THOUGH you might have missed the fourth edition of the Jurčove dni (Jurčo’s Days) event in Nitrianske Pravno, western Slovakia, back in mid August, the results of this festival, where both local and international blacksmiths converge each year to demonstrate their skills, will have a lasting effect.
Forty five blacksmiths participated, creating their works before the visitors’ eyes, like hand-hammered sculptures, statuettes and plastic art, all of which went into an exhibition.
Benedikt Jurčo, the festival’s namesake, is currently the headmaster at the Private School of Applied Arts in Kremnica, originally established as the Secondary School of Arts and Crafts in 1966. In his 48 years of teaching, 350 young people have graduated from this course.
“I am glad that most of them have not diverted from these difficult, complex crafts,” Jurčo told the TASR newswire. “This can be proved by the fact that 56 smiths still exist around Slovakia, which have their logo and a respected brand. Many repair and restore metal gates, bars and other parts of historical buildings where similar technologies, as in the past, have to be applied.”
Jurčo, who is retiring to be replaced by his former student Juraj Cinkanič, added that Slovak blacksmiths have also been successful abroad, for example, in Germany, France and the US. Peter Štafen has a shop in France and has participated in renovations at Versailles. His brother Pavol focuses on precious metals and stones in Slovakia. Another graudate, Ján Konuš, went on to study at the Academy of Arts in Banská Bystrica and became a prominent sculptor.
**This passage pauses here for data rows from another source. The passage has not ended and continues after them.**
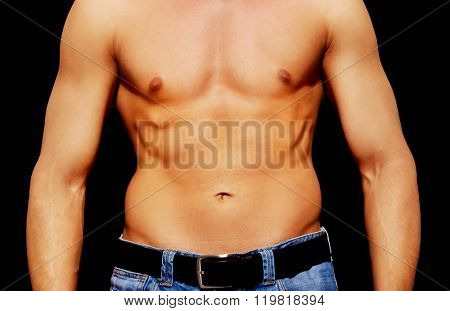 Young athletic man with muscular torso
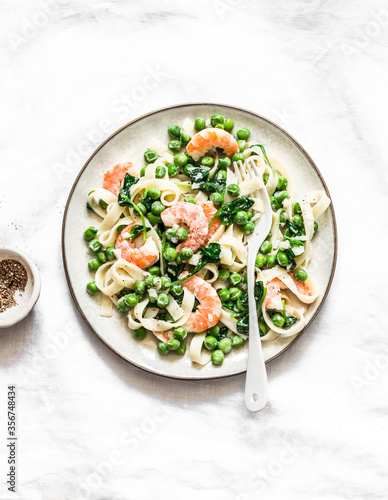 Delicious lunch - green peas, shrimps, spinach, cream sauce tagliatelle pasta on a light background, top view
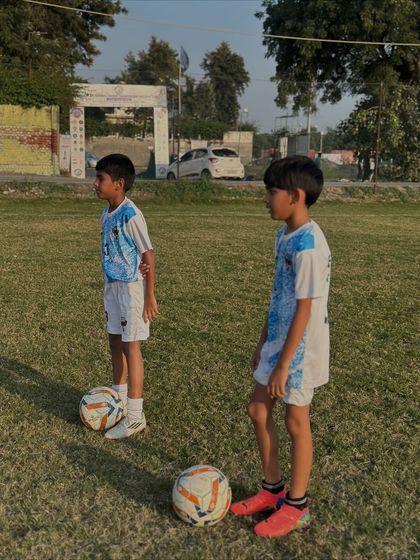 Our shining stars learning the fundamentals. Two of our youngest players stand ready with their footballs, eager to begin their training drills.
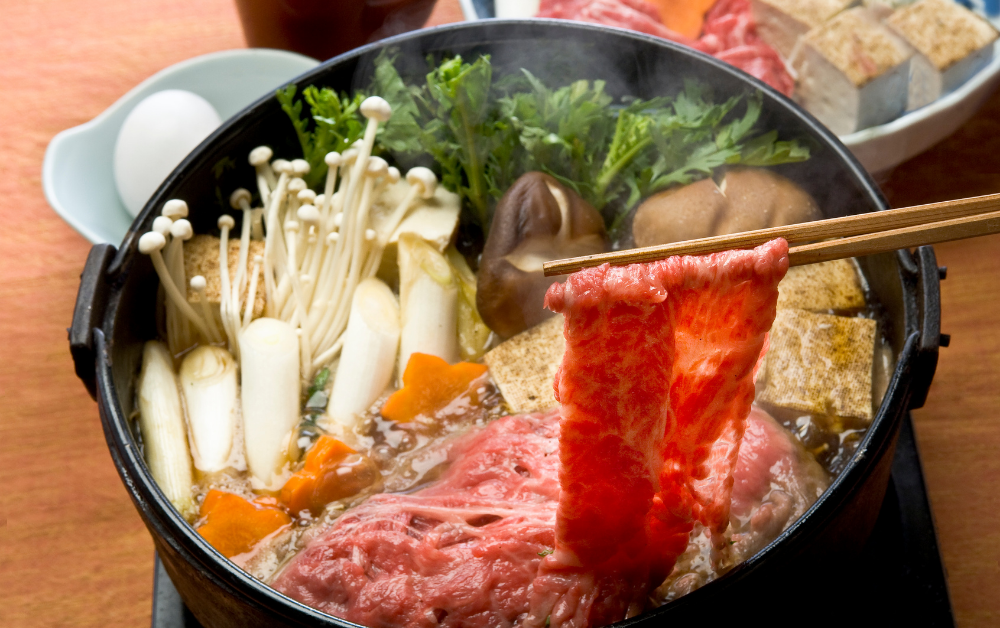 Nabe (鍋) – communal hotpot dishes such as sukiyaki, shabu-shabu, or kimchi nabe, where everyone cooks together at the table.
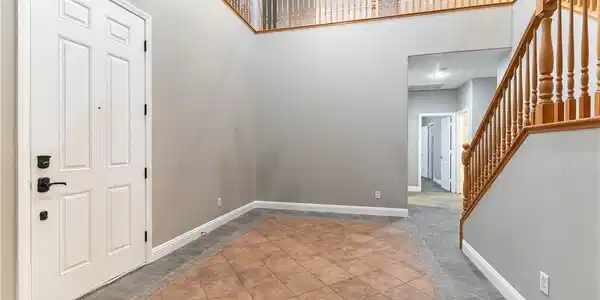 Image 3: An airy two-story foyer greets visitors with decor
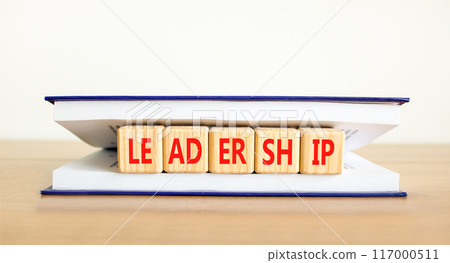 Leadership symbol. Concept word Leadership on beautiful wooden cubes in book. Beautiful wooden table white background. Business leadership concept. Copy space. Leadership symbol. Concept word Leadership on beautiful wooden cubes in book. Beautiful wooden table white background. Business leadership concept. Copy space. 117000511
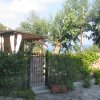 Cancello e giardino verdeggiante vicino a una casa bianca.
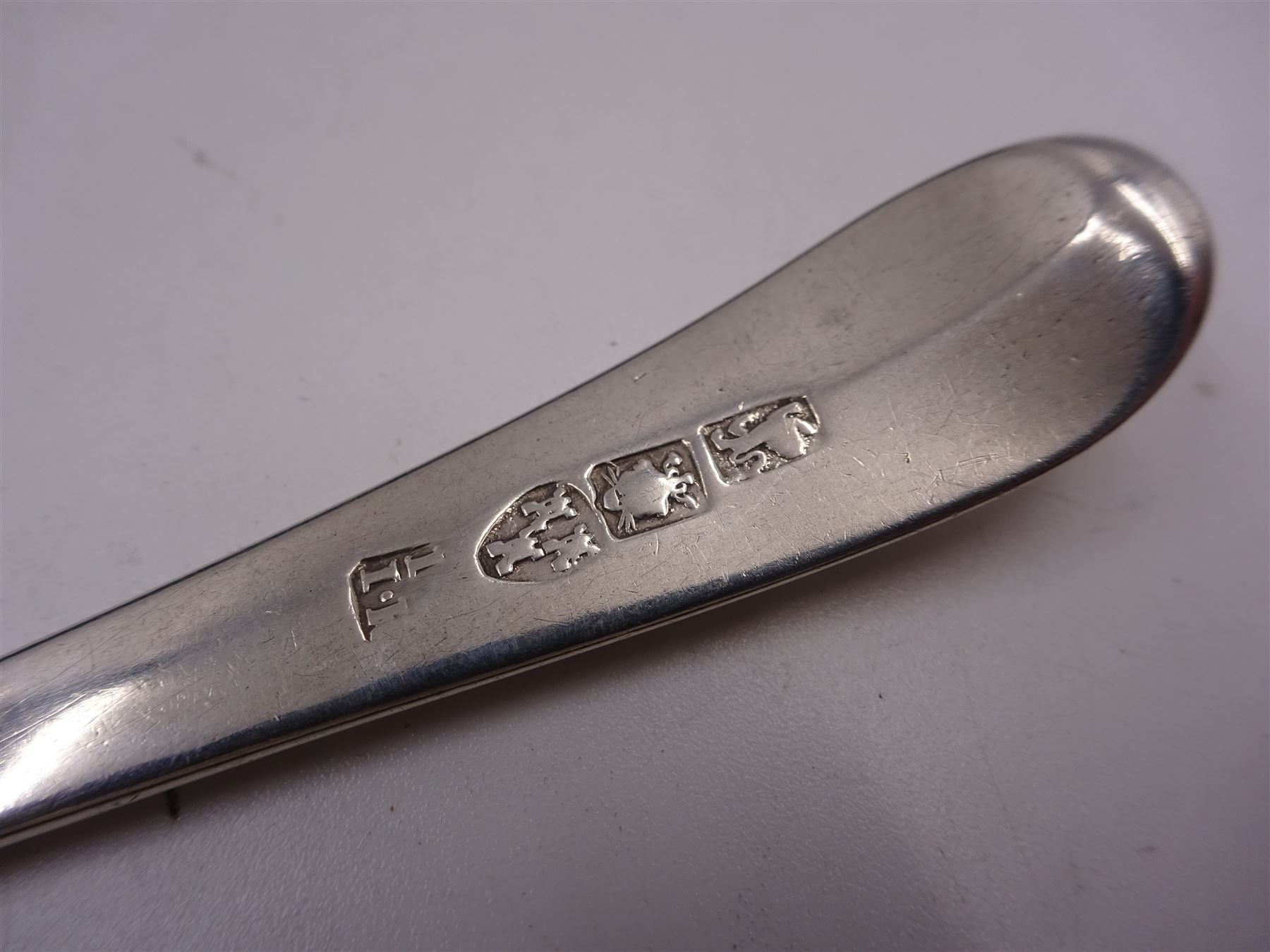 Collection of ten Newcastle silver teaspoons, comprising two Fiddle Shell pattern teaspoons, the first example hallmarked Reid & Sons, Newcastle 1859, and the second example hallmarked Thomas Sewell I, Newcastle 1856, together with four Fiddle pattern teaspoons and four Old English pattern teaspoons, with varying maker's including 	Thomas Wheatley and John Robertson II & John Walton, dated between 1821 and 1836 but most without date letters 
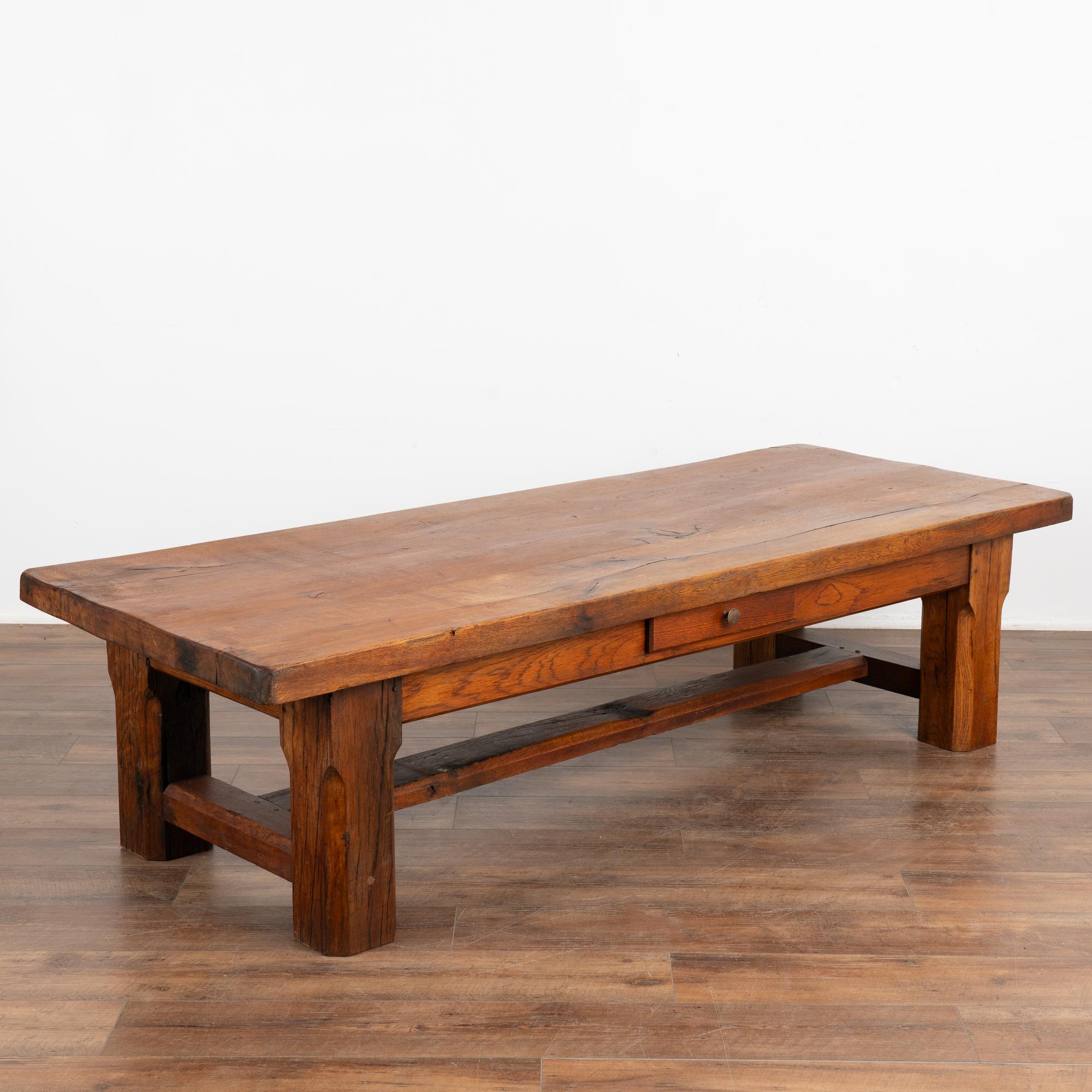The beauty of this French country coffee table with one drawer comes from the rich patina of the wood. Every crack, ding, old knot and stain all add to the depth and richness found in the thick top. Rests on heavy legs with a stretcher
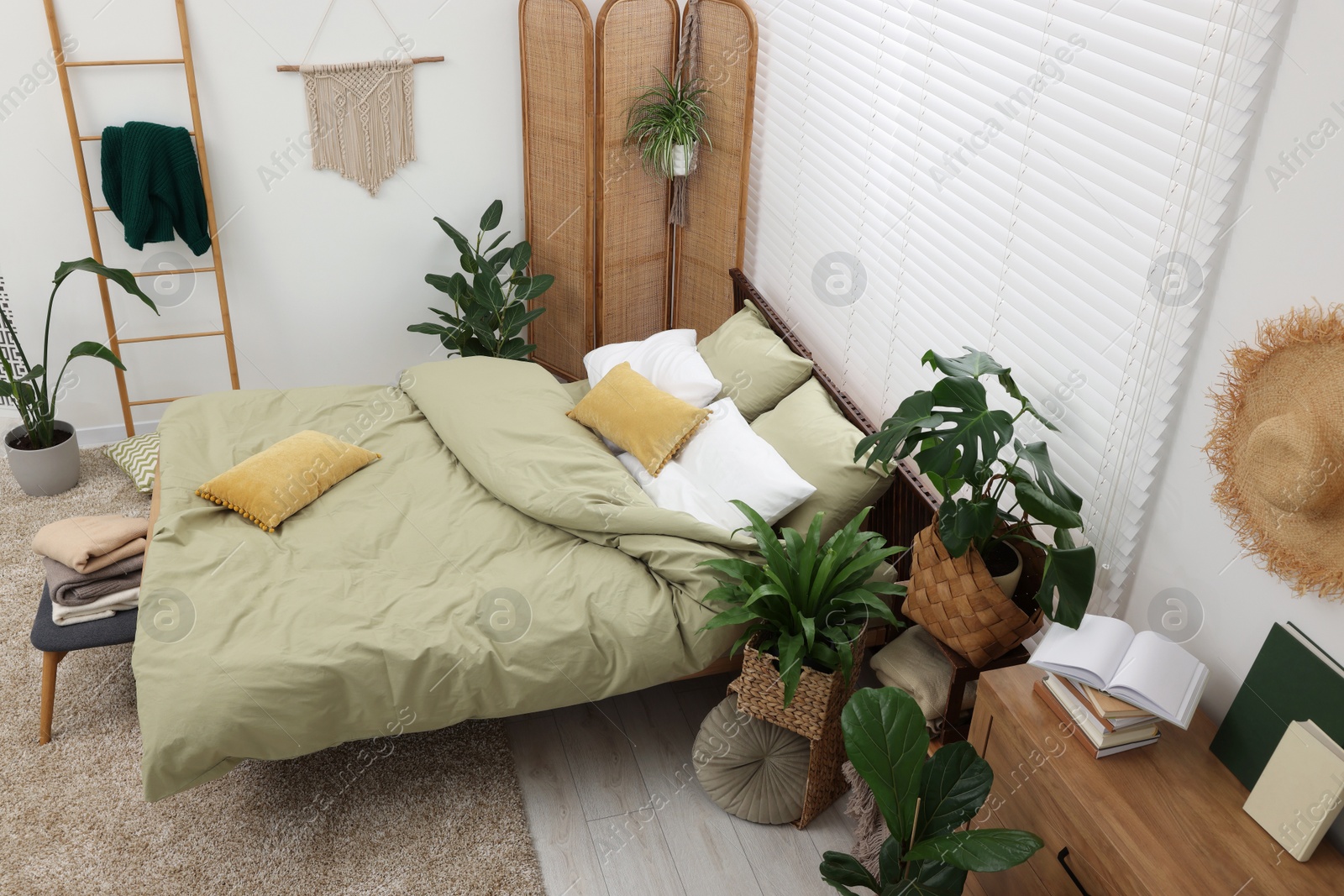 Photo of Stylish bedroom with comfortable bed and beautiful green houseplants, above view. Interior design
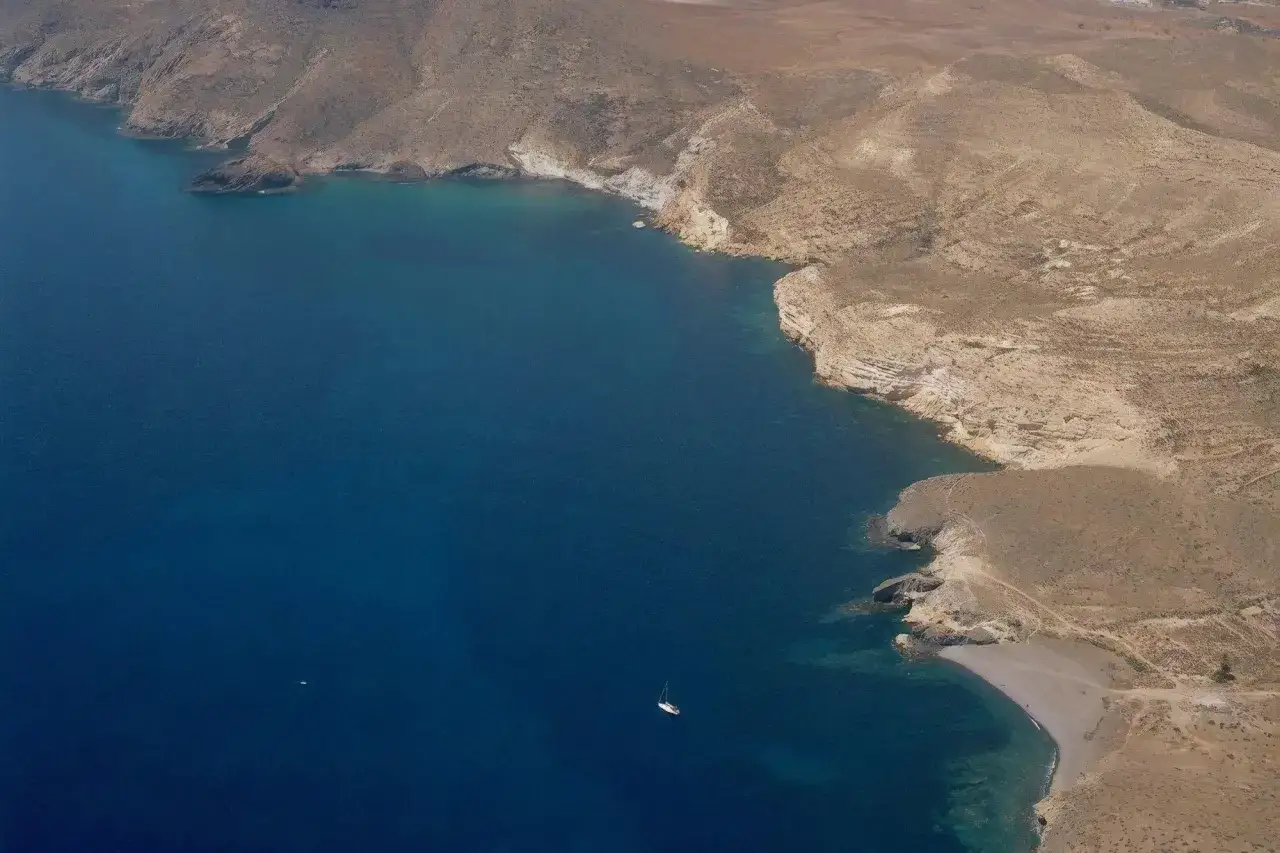 Vista aérea de la cala del Carnaje, con aguas azules y acantilados áridos. Un velero navega solitario.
A group of French blacksmiths were invited by Peter Štafen to help forge a memorial sculpture to commemorate such meetings. Branislav Morávek, Tomáš Šiagy and Ján Konuš forged a comical statue of a photographer with an old leather camera bag covered with a linen sheet. Afterwards, the statue was coated with zinc and placed in the park in the middle of Nitrianske Pravno. The blacksmiths agreed to donate the works of art made at the event to the municipality with the aim of gradually creating a unique gallery for this craft in Slovakia
The first statue, called Re-birth, was made by Titus Angyla with his helpers in the Dedina mládeže village near Komárno. He strives to emphasise the efforts of artisanal blacksmiths to preserve what he describes not as a craft, but a mission.